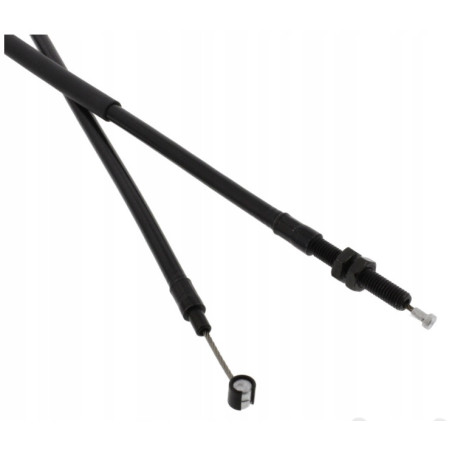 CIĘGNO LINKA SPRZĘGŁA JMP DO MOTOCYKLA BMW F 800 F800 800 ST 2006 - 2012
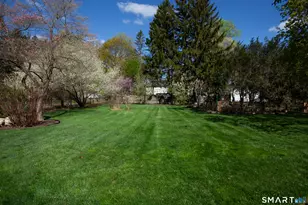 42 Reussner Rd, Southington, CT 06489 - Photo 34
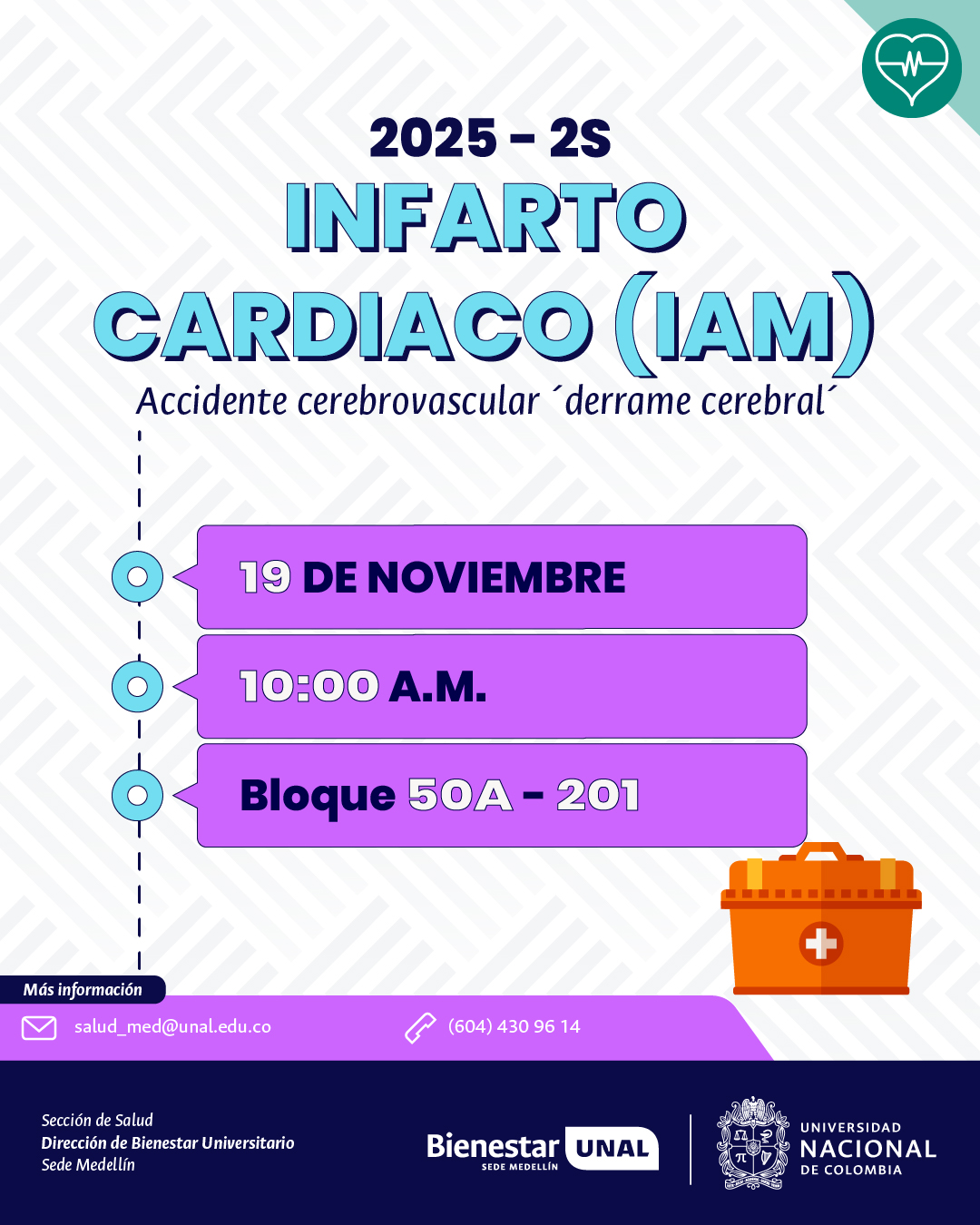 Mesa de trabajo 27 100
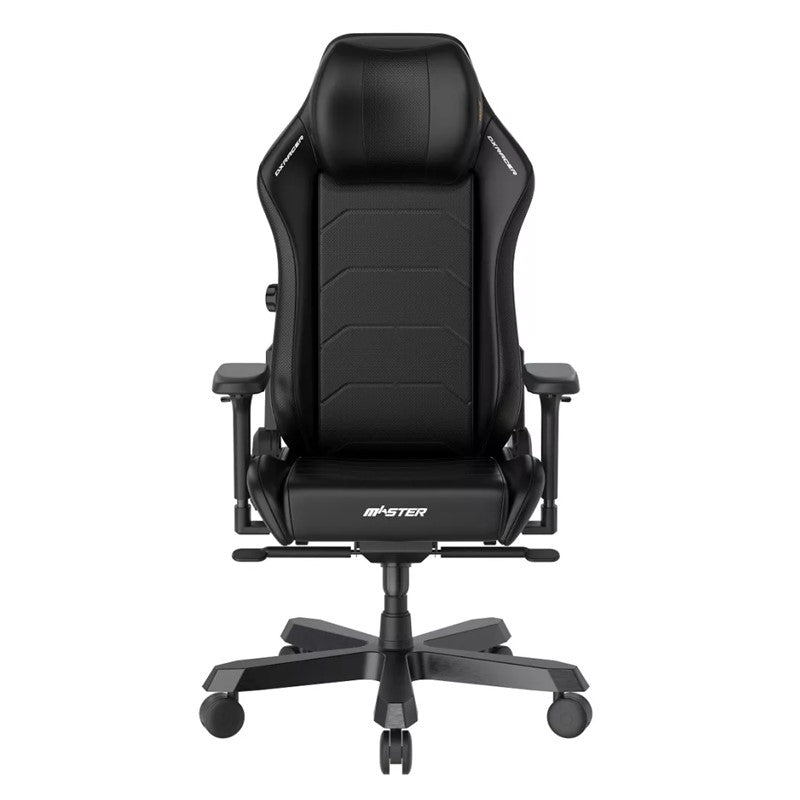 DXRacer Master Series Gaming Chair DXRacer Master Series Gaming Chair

◆ **Your assignment**:
For this exercise, output only the lines from the one bearing "42 Reussner Rd, Southington, CT" to the end of the material above, exactly as written, with pictures left out.

◆ **Response**:
 42 Reussner Rd, Southington, CT 06489 - Photo 34
 Mesa de trabajo 27 100
 DXRacer Master Series Gaming Chair DXRacer Master Series Gaming Chair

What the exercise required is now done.